**Prompt:** Starting at the line that contains "Nowa marka Hasbro z agencją", transcribe each line exactly through the end of the data below, and skip any pictures.

Captioned web image data:
___
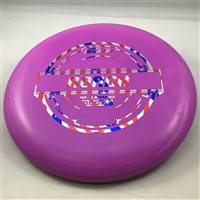 Discraft Hard Roach 173.5g
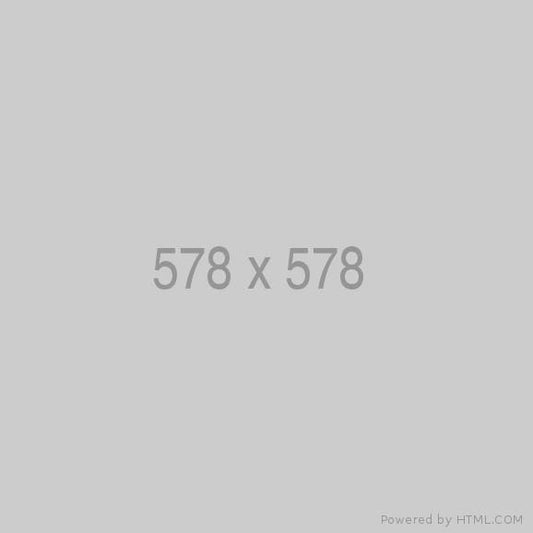 Test 578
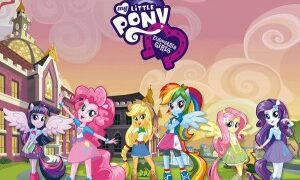 Nowa marka Hasbro z agencją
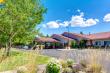 Aspen Ridge Memory Care Earns Deficiency-Free State Survey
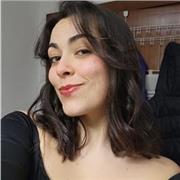 Profesora de clases particulares en Química, Matemáticas y Biología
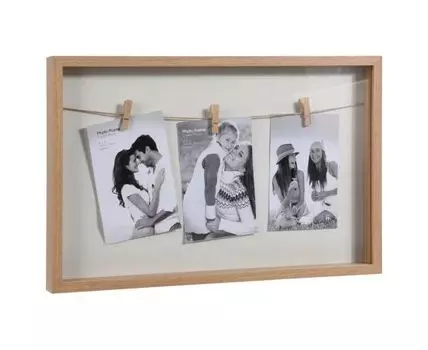 Фоторамка Happy Moments (43)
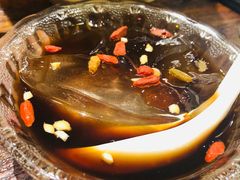 -串大叔炭火烤串·鸡西大冷面刀削面(总店)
___
**Task result:**
 Nowa marka Hasbro z agencją
 Aspen Ridge Memory Care Earns Deficiency-Free State Survey
 Profesora de clases particulares en Química, Matemáticas y Biología
 Фоторамка Happy Moments (43)
 -串大叔炭火烤串·鸡西大冷面刀削面(总店)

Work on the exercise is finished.